<関西電力>福岡・苅田で国内最大規模のバイオマス発電検討
- 政治・経済
- 2017年3月22日
関西電力が、福岡県苅田町に木質バイオマス発電所を検討していることが分かった。関電が九州に木質バイオマス発電所を設けるのは初めて。昨春の電力小売り全面自由化で、電力会社は従来の営業地域を越えた参入が進んでおり、収益源を多様化するのが狙い。
関電は「着工、発電開始時期など詳細は未定」としているが、関係者によると、出力は7万5000キロワットで、実現すれば国内最大規模になるという。周防灘に面した福岡県の新松山臨海工業団地に開設し、敷地面積は約5万平方メートル。主に海外の木質チップなどを燃料にし、発電した電力は九州電力に売電する。焼却灰は近くのセメント工場に原料として供給する計画だ。
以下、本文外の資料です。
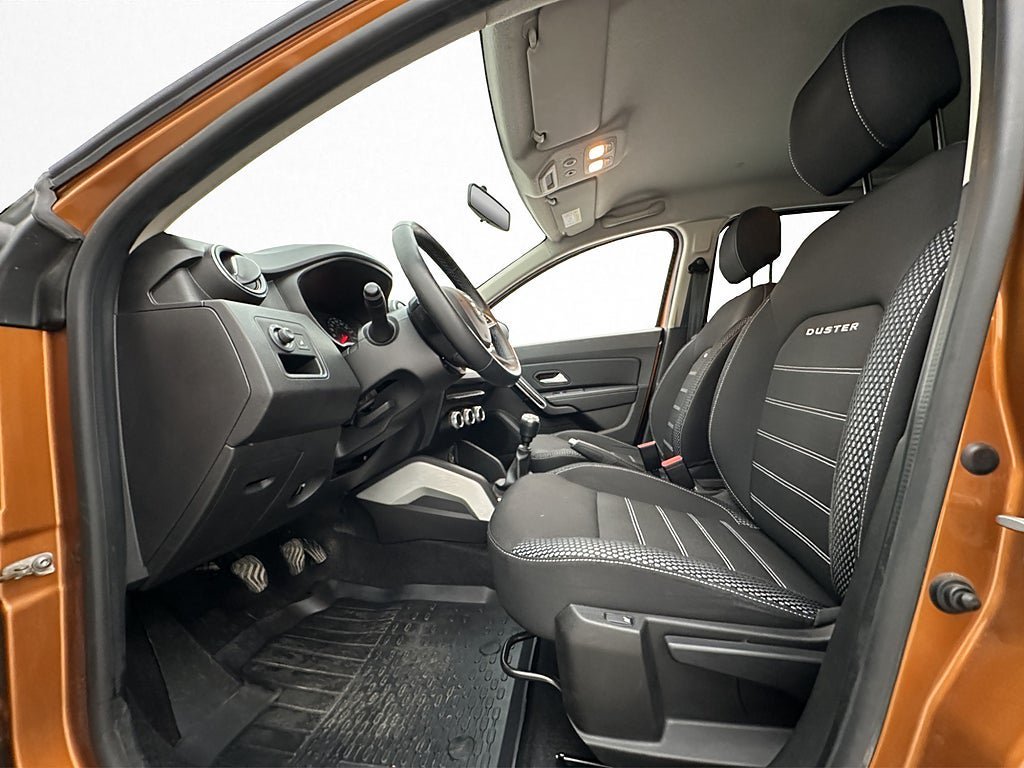 Vehicle Image 12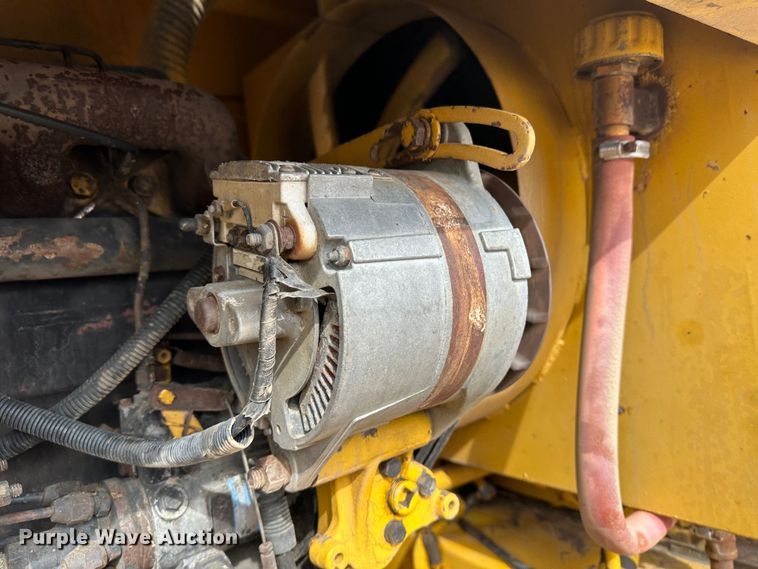 image for item LT9424 1977 Champion  motor grader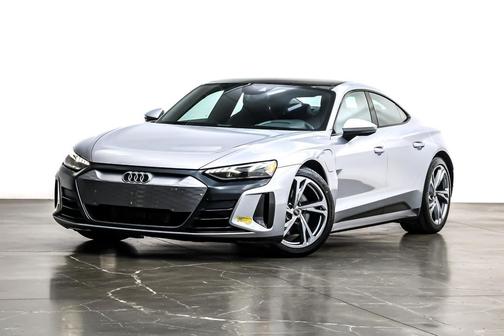 2022 Audi e-tron GT Premium Plus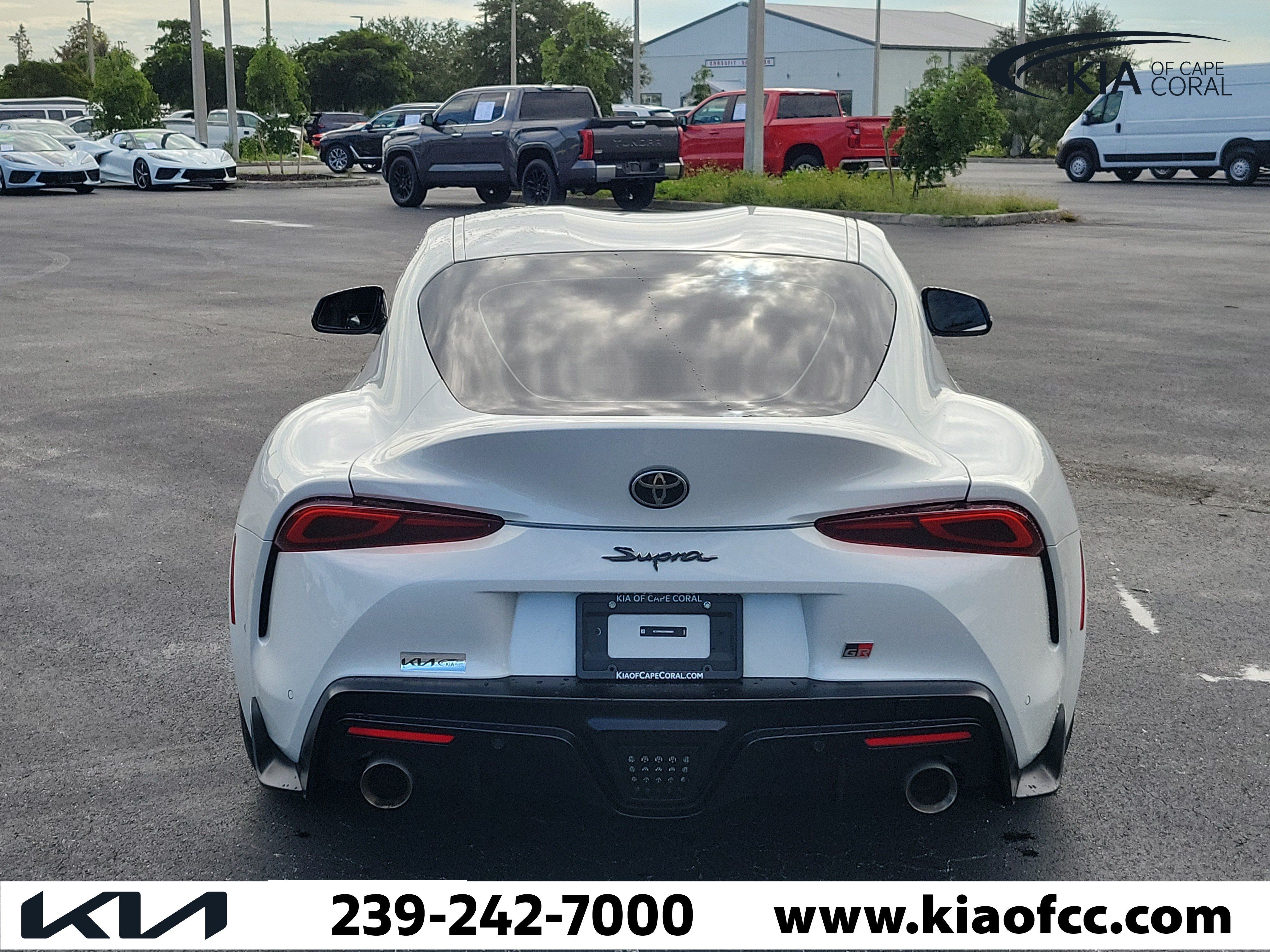 Used 2025 Toyota Supra Premium w/ Driver Assist Package RWD image 6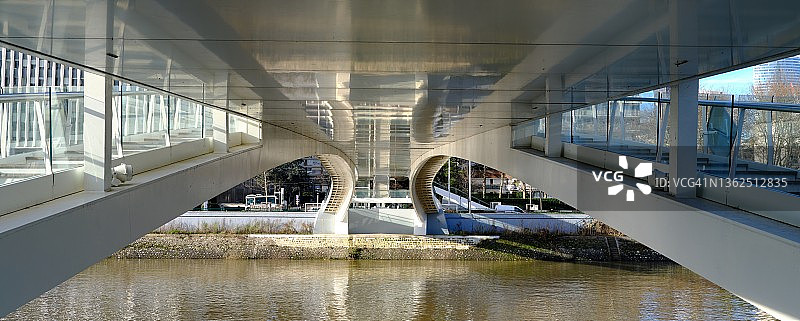 现代金属桥梁图片素材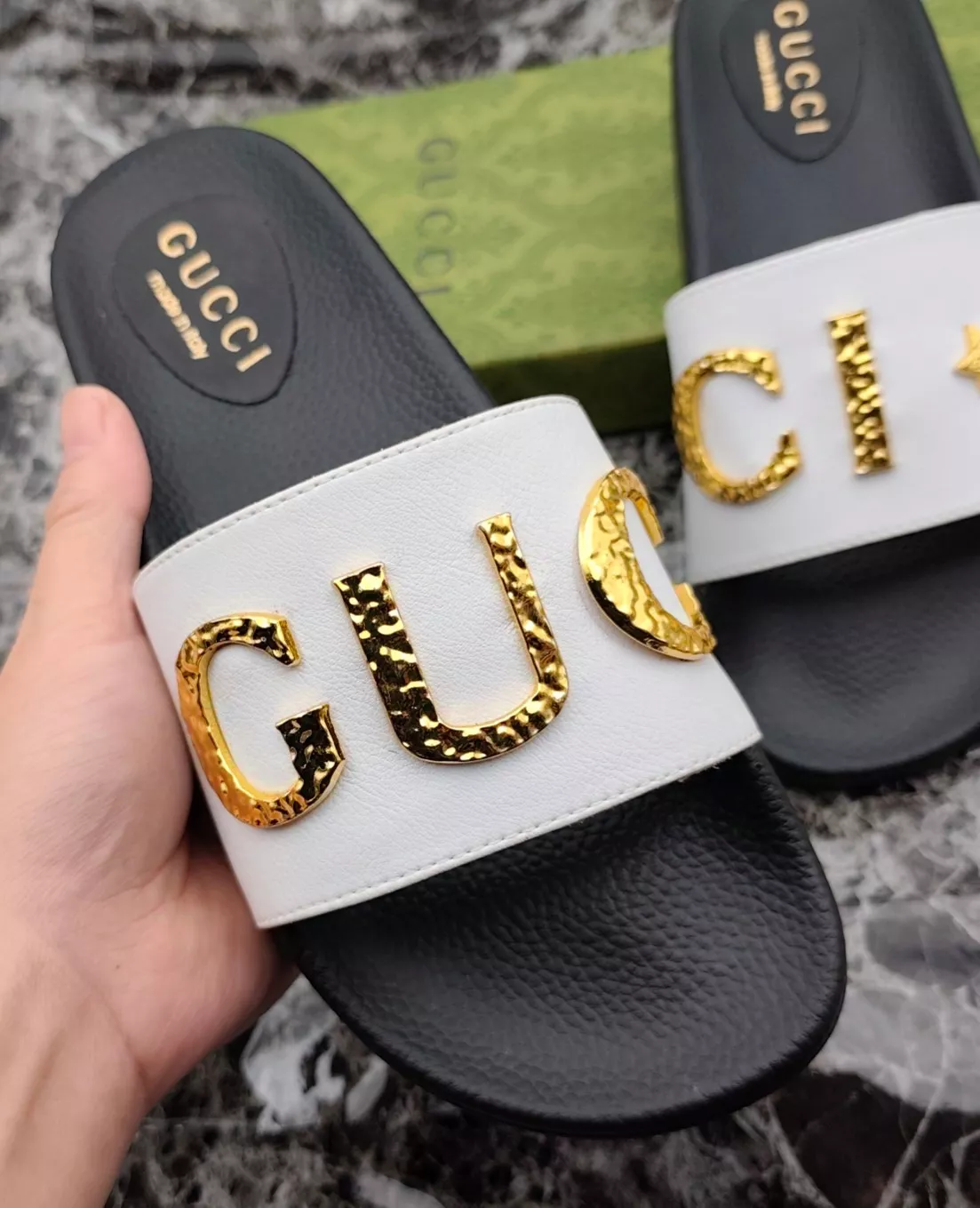 Gucci Slippers For Men Trendsetting 6488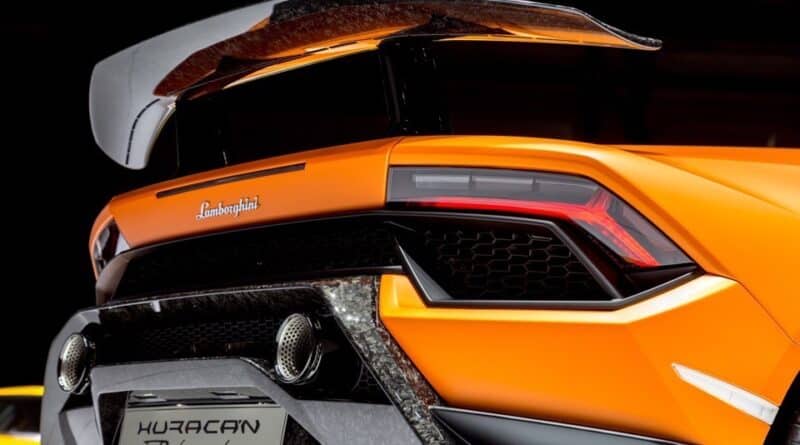 Lamborghini Huracan Performante e Pirelli: Nurburgring Record 1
関電は太陽光や風力など再生可能エネの発電所を全国で新設し、2030年に発電能力を現在の3.7倍の50万キロワット(水力を除く)を目指している。子会社の関電エネルギーソリューション(大阪市)が再生可能エネルギーの発電事業を手掛け、昨年12月から兵庫県朝来市で木質バイオマス発電所(出力5600キロワット)の稼働を開始。九州では苅田町のほかに、風力発電所(最大出力3万2000キロワット)を20年以降に大分県で稼働させようとしている。
周防灘沿岸は、港湾整備が進んでいるため貨物船でバイオマスの燃料調達がしやすいメリットがある。さらに国と県は新たな岸壁を整備中で、19年までに完成する予定だ。環境やエネルギー事業を手掛けるフランス企業も木質バイオマス発電所の建設を同工業団地で検討している。